Managing IronPort Clusters

Unanswered Question
Nov 26th, 2007

Folks,

We are contemplating an 8+ X1050 box roll out mid to end 2008 with the boxes distributed across 2 data centers with geographical load balancing. We will be handling about 300k mailboxes across ~1000 domains.

I'm interested in hearing thoughts about effectively managing such a large deployment. (is this a large deployment?) Things that are concerns are general troubleshooting tools and methodologies as well as reporting, both for our management and the client's management.

How do the big installations out there manage their environment? Is the methodology to manage at the appliance level or has anybody deployed an enterprise management solution?

We will most likely be using AsyncOS 6.? and the M series for some of the consolidated reporting features.

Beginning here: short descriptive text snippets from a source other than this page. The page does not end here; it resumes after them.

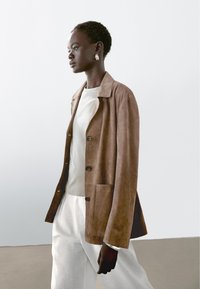 Braune Wildlederjacke mit Reverskragen, Knopfverschluss und Seitentaschen, kombiniert mit einem hellgrauen Hemd und weißen Hosen.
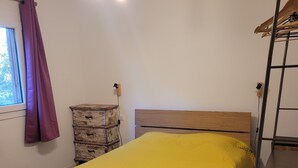 Una camera da letto con una testiera in legno, una coperta gialla con texture, un comò in legno e una scala in metallo.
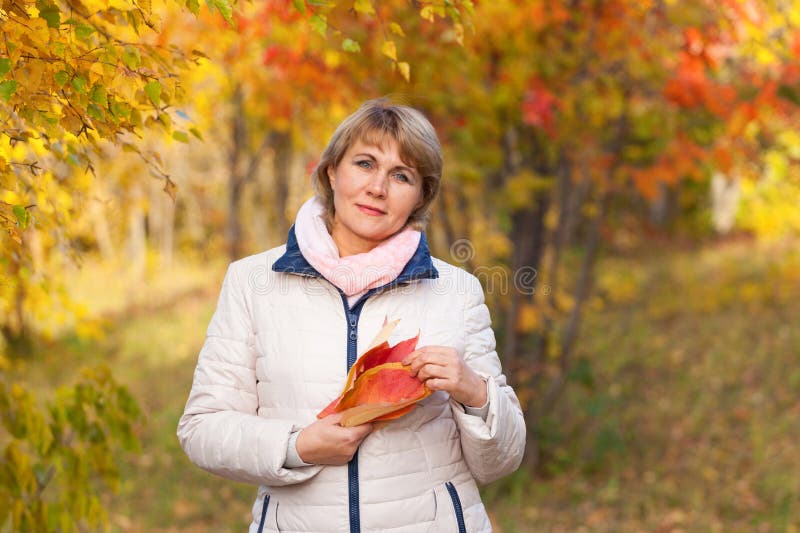 A middle-aged woman walks in the autumn Park among the trees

I'd be interested in hearing your solutions.

Cheers,
Richard

I have this problem too.
0 votes
  • 1
  • 2
  • 3
  • 4
  • 5
Overall Rating: 0 (0 ratings)
Loading.
Donald Nash Mon, 11/26/2007 - 21:42

We have a nine MGAs here, a mixture of C60s and C600s. Eight are production and one is a hot spare. We're not geographically diverse; and being a university, we don't have clients demanding reports. Here are some lessons we've learned:

  • IronPort's Centralized Management feature is your friend. Make good use of it and it'll save you a lot of time. Be sure to plan out your structure carefully ahead of time. We're lucky in that all nine of our MGAs are running identical configurations (local stuff like IP addresses notwithstanding), but CM is more flexible than what we're using.
  • Use a hardware load balancer. It simplifies your DNS immensely, and having the ability to take MGAs in and out of production via a few commands on the load balancer is a major time saver when maintenance time rolls around.
  • If you use a hardware load balancer, be sure to turn on connection persistence or you will dilute the benefit of rate limiting. This is because otherwise incoming connections from the same source will be spread over multiple MGAs, effectively multiplying the rate limit by the number of MGAs involved. Since AsyncOS expresses rate limiting in terms of recipients per hour, you only need a persistence window of one hour.
  • When using a hardware load balancer with connection persistence, don't be shocked when you occasionally see the work queue spike up on one unit. It just means a jabberer is nailed down to that unit. This usually self-corrects, but if it doesn't then you can identify the jabberer and block it. If the jabberer turns out to be a botnet that by happenstance managed to get sent mostly to one unit, then toggling the affected unit in the load balancer will rearrange the load balancing and usually spread them back out.
  • Have a hot spare. IronPort's hardware it good, but it isn't bulletproof. Sometimes it fails, and sometimes you get unexpected traffic spikes. Having some spare capacity waiting to go is handy.
  • The hot spare can also double as a test bed, where you try out new configurations before pushing them out to the cluster. Centralized Management makes this easy. You can also try out new AsyncOS releases on the hot spare first, to make sure that the upgrade process doesn't botch your configuration (I've never seen this happen, but better safe than sorry).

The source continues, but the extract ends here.